While they had no definite plans for the area, he said it would be something that worked commercially as well as supporting the vision of connecting the CBD with the river.
When asked whether they would be competing against council, Gardner was doubtful the council would get the funding required to buy all the buildings.
Stark said the company had not done anything yet and would be prepared to work with the city council if it wanted to, otherwise they would go alone.
"We've had a brief meeting with council. We won't stand in the way. If council want to buy them they can go ahead and buy them and we are not going to hike the prices to play one against the other because Leonard and I both have a view around Hamilton City that we actually want to work to save the ratepayer money not hike it up or make a profit off it."
Stark said they would sell the buildings on to council at the same cost they paid for them plus any significant holding costs. "We can't go hugely into our own pockets as well so there has to be fair commercial reality at the end of the day to solve this potential problem or potential win for the city."
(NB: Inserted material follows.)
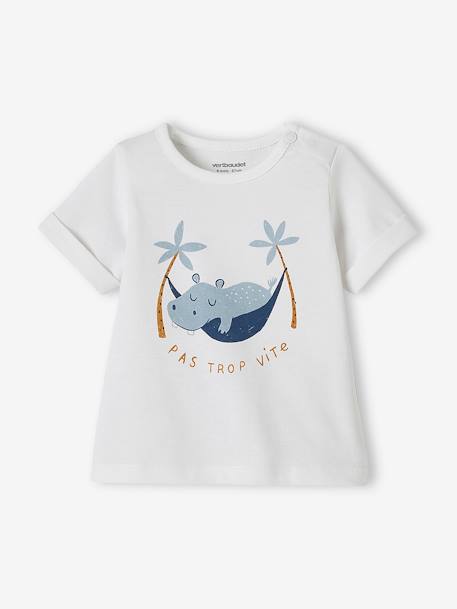 Ensemble T-shirt imprimé + short baggy bébé blanc+kaki 4 - vertbaudet enfant 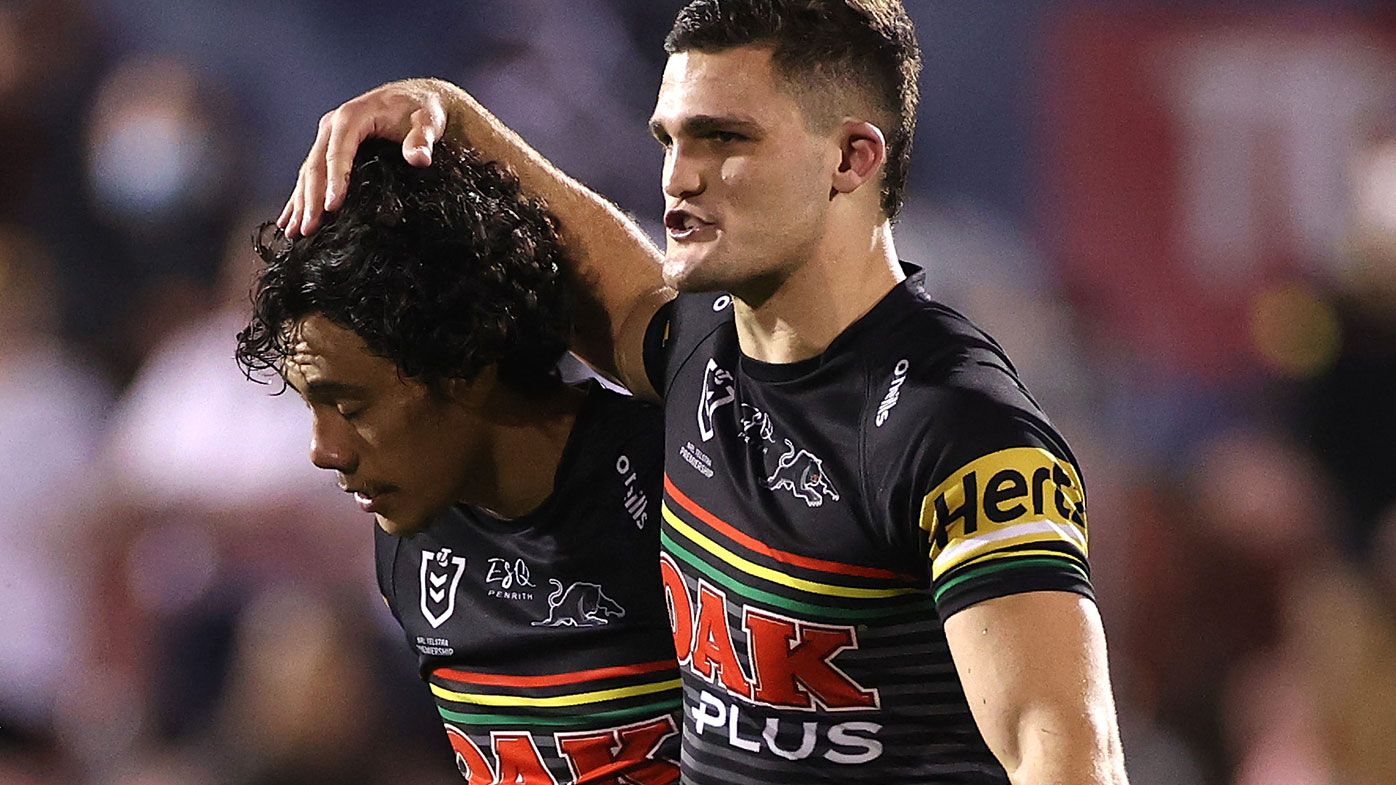 Nathan Cleary of the Panthers and Jarome Luai of the Panthers celebrate after winning the NRL Qualifying Final match between the Penrith Panthers and the Sydney Roosters at Panthers Stadium on October 02, 2020 in Sydney, Australia. (Photo by Cameron Spencer/Getty Images)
However, when the two men were approached by the Herald in November and asked if they knew about the council's plans, Gardener denied any knowledge about the council's plan and Stark would not be drawn on what he knew.
Last week, mayor Andrew King said he had no recollection of Stark and Gardner being approached first.
In the draft plan, which is to be put out for public consultation from March 29, the council approved the development of a central city park between Victoria on the River and Embassy Park and agreed to spend $12m on capital expenditure, and $6.41m on operating expenditure in the first five years of the plan. It also agreed to write off a total of $12.95m in building assets in the second and third years of the plan.